=== Work to be completed ===
Reproduce exactly the span of lines that opens with the line containing "413 Far Reach Rd, Westwood, MA 02090" and closes with the last line of the entries below.

=== Data entries ===
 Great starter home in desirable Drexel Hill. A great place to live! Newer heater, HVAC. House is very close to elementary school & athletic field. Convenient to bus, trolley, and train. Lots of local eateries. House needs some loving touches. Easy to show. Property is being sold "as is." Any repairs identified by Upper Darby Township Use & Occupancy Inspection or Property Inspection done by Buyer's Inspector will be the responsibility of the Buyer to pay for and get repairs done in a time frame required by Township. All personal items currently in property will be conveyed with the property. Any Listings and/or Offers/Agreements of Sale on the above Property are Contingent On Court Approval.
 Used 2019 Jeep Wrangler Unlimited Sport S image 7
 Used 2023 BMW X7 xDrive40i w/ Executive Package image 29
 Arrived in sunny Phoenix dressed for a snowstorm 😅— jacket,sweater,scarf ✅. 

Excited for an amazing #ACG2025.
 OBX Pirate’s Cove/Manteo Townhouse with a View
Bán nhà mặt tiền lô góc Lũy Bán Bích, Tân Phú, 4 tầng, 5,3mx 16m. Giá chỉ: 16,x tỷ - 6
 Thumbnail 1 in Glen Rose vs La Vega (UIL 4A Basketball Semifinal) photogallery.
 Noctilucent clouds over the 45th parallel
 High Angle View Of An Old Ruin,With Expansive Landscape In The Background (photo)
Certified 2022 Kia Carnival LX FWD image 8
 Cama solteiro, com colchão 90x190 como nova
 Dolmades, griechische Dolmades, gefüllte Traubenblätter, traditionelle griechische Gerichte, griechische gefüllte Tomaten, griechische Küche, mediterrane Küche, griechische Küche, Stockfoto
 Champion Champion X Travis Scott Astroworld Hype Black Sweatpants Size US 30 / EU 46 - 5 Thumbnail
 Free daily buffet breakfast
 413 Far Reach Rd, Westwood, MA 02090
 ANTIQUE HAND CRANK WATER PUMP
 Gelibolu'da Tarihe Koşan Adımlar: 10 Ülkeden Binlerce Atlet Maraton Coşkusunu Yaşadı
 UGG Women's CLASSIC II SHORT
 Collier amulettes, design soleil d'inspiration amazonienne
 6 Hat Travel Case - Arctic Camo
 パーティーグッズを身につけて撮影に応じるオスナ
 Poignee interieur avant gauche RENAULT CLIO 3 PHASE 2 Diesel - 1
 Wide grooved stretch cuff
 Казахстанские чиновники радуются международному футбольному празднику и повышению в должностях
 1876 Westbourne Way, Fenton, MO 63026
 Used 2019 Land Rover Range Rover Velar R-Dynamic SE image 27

=== Answer to this problem ===
 413 Far Reach Rd, Westwood, MA 02090
 ANTIQUE HAND CRANK WATER PUMP
 Gelibolu'da Tarihe Koşan Adımlar: 10 Ülkeden Binlerce Atlet Maraton Coşkusunu Yaşadı
 UGG Women's CLASSIC II SHORT
 Collier amulettes, design soleil d'inspiration amazonienne
 6 Hat Travel Case - Arctic Camo
 パーティーグッズを身につけて撮影に応じるオスナ
 Poignee interieur avant gauche RENAULT CLIO 3 PHASE 2 Diesel - 1
 Wide grooved stretch cuff
 Казахстанские чиновники радуются международному футбольному празднику и повышению в должностях
 1876 Westbourne Way, Fenton, MO 63026
 Used 2019 Land Rover Range Rover Velar R-Dynamic SE image 27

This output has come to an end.